American cartoonist (born 1963)

Eric James Shanower (born October 23, 1963) is an American cartoonist, best known for his Oz novels and comics, and for the ongoing retelling of the Trojan War as Age of Bronze.

==Early life==
Eric Shanower was born on October 23, 1963. Upon his graduation from Novato High School in 1981, he attended The Kubert School in Dover, New Jersey, graduating in 1984.

==Career==
Shanower's first major published works were the Oz graphic novels, which are The Enchanted Apples of Oz, The Secret Island of Oz, The Ice King of Oz, The Forgotten Forest of Oz, and The Blue Witch of Oz released by First Comics and Dark Horse Comics between 1986 and 1992. They are collected in a single large volume titled Adventures in Oz, published by IDW.

He has also written and illustrated a full-length Oz novel, The Giant Garden of Oz, and a collection of short Oz stories, The Salt Sorcerer of Oz. As an illustrator, he has worked on books by Oz historians, including The Wicked Witch of Oz by Rachel Cosgrove Payes, The Rundelstone of Oz by Eloise Jarvis McGraw, The Runaway in Oz by John R. Neill, and The Third Book of Oz by L. Frank Baum. Other Oz projects include his illustrations for Paradox in Oz and The Living House of Oz by Edward Einhorn.
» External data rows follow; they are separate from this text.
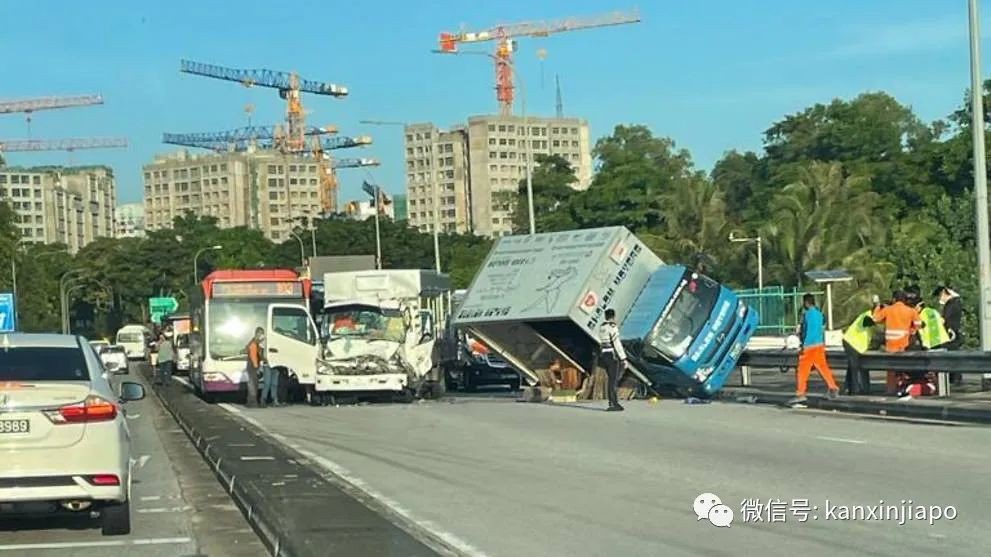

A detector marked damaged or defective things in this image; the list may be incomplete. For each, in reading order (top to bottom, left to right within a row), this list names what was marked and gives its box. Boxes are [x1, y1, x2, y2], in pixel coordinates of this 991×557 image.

damaged white truck [314, 270, 454, 404]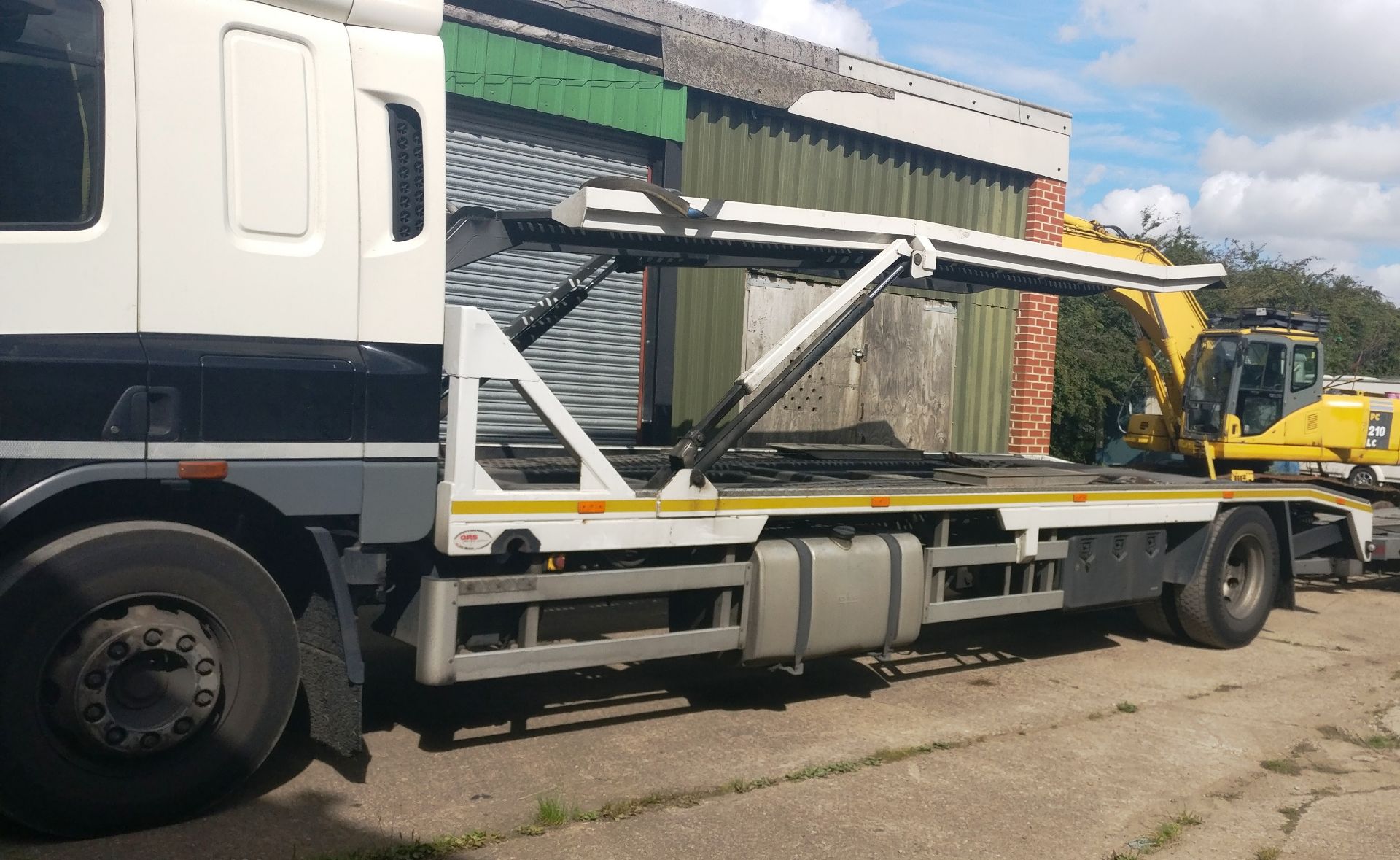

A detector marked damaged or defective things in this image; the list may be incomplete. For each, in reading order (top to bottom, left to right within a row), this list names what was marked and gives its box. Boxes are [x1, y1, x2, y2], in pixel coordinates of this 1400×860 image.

cracked concrete ground [2, 572, 1400, 852]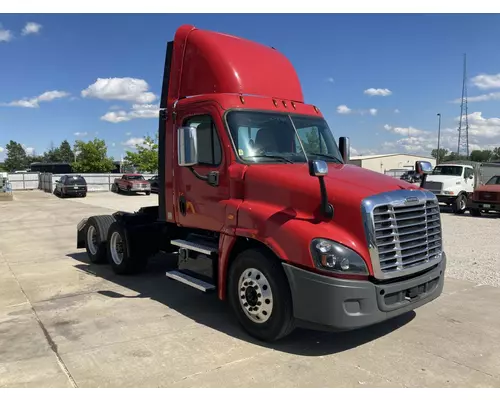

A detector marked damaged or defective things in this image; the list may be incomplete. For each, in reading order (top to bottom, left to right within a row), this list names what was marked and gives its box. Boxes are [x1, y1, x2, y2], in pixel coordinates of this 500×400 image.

pavement crack [3, 253, 78, 388]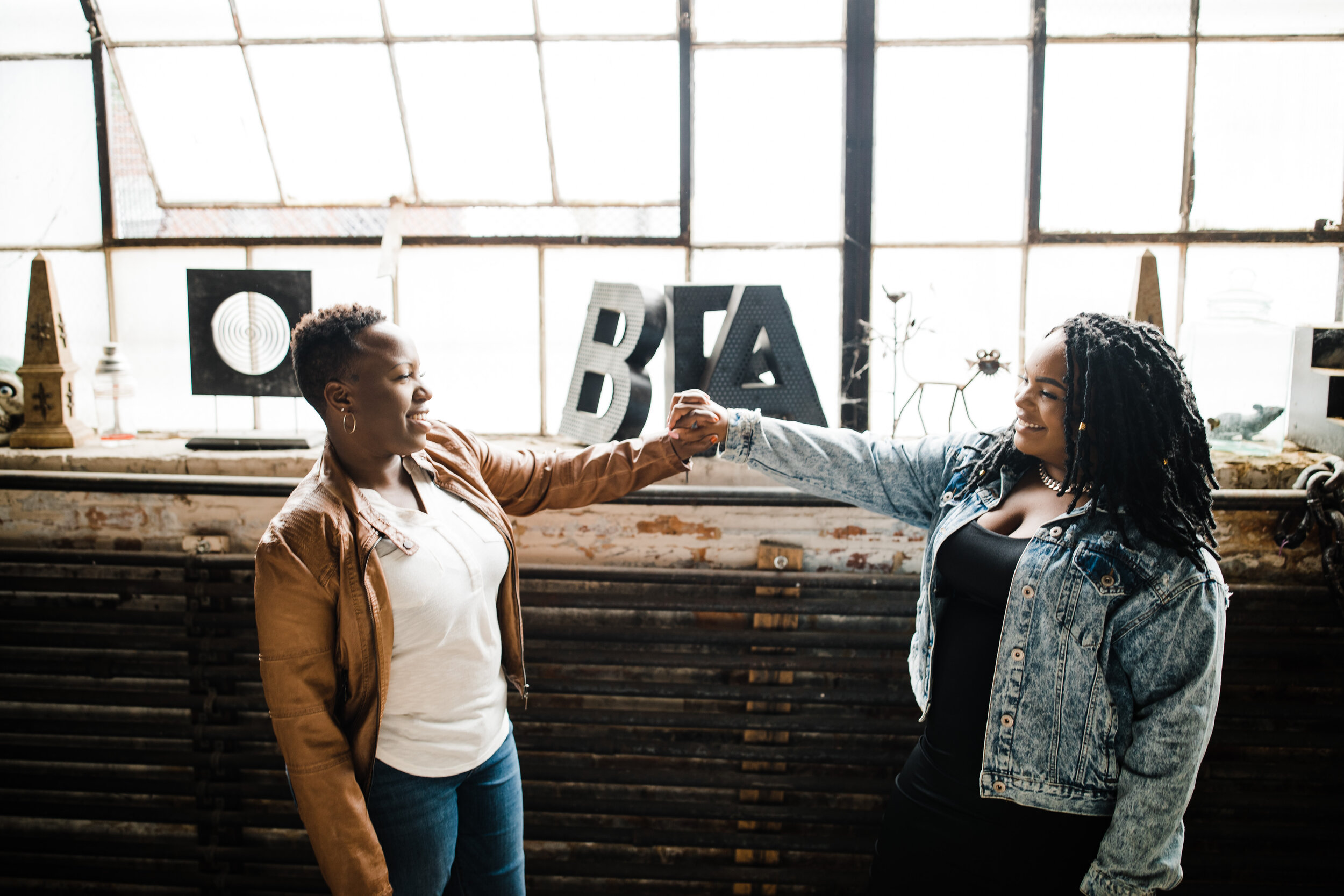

He wrote adaptations of L. Frank Baum's first six original Oz novels for Marvel Comics, illustrated by artist Skottie Young. The first, The Wonderful Wizard of Oz was released in a hardcover collection on September 2, 2009. The follow-up, The Marvelous Land of Oz began in November 2009 as an 8 issue monthly comic series, while the third mini i.e. Ozma of Oz, began in November 2010. The fourth and fifth books, Dorothy and the Wizard in Oz and The Road to Oz, were also subsequently adapted by Shanower and Young for Marvel Illustrated. The collaboration concluded with their adaptation of the sixth book, The Emerald City of Oz. In 2020, the six Oz graphic novels were rereleased in three collected volumes.

Shanower also wrote the comic series Little Nemo: Return to Slumberland for IDW. The first issue was released August 20, 2014.

===Age of Bronze===
In February 1991, Shanower "conceived the idea to tell the story of the Trojan War in the comics medium," aiming to combine "the myriad versions of the Greek myth with the archaeological record" to showcase the tale in "authentic historical detail." This aim has been manifested in the ongoing comic book Age of Bronze, debuting in late 1998 from Image Comics. As of 2018, the series has been collected in four (of a projected seven) volumes:
- A Thousand Ships
- Sacrifice
- Betrayal Part One
- Betrayal Part Two
The seven volumes in their entirety will cover the complete story of the war. The books contain extensive bibliographies, for the story, the setting and historical Troy, drawing on the excavation work Heinrich Schliemann (et al.) and the publication Studia Troica. The book does not depict the gods or any mythical beings, with Chiron portrayed as a human rather than a centaur. Similarly, the Nymphs are portrayed as human priestesses rather than as supernatural beings.

===Other work===
Shanower has also drawn a number of one shot comics, such as Ed Brubaker's Prez "Smells Like Teen President" (for DC Comics) and An Accidental Death (also written by Brubaker) published by Fantagraphics in 1993. For Marvel's Epic line, he illustrated The Elsewhere Prince (1990), based on characters created by the French cartoonist Moebius. His work has appeared in magazines throughout the USA and Europe as well as in books and on TV.

==Awards==
Shanower won Eisner Awards for Best Writer/Artist in 2001 and 2003, won a Gran Guinigi for Best Serialized Comic in 2006, and was nominated for the Ignatz Award for Outstanding Artist in 1999 for his work on Age of Bronze. The Wonderful Wizard of Oz miniseries written by Shanower, illustrated by Skottie Young, won two Eisners in 2010, for Best Limited Series or Story Arc and Best Publication for Kids.

His short story "Happily Ever After" was part of How Beautiful the Ordinary: Twelve Stories of Identity, an anthology of LGBTQ short stories for young adults published in 2009. The book was a Lambda Literary Award finalist for LGBT Children's/Young Adult literature.

==Personal life==
Shanower lives in San Diego with his partner David Maxine, who runs Hungry Tiger Press, a publisher of Oz books, Oz-related comics and compact discs, which the two started in 1994.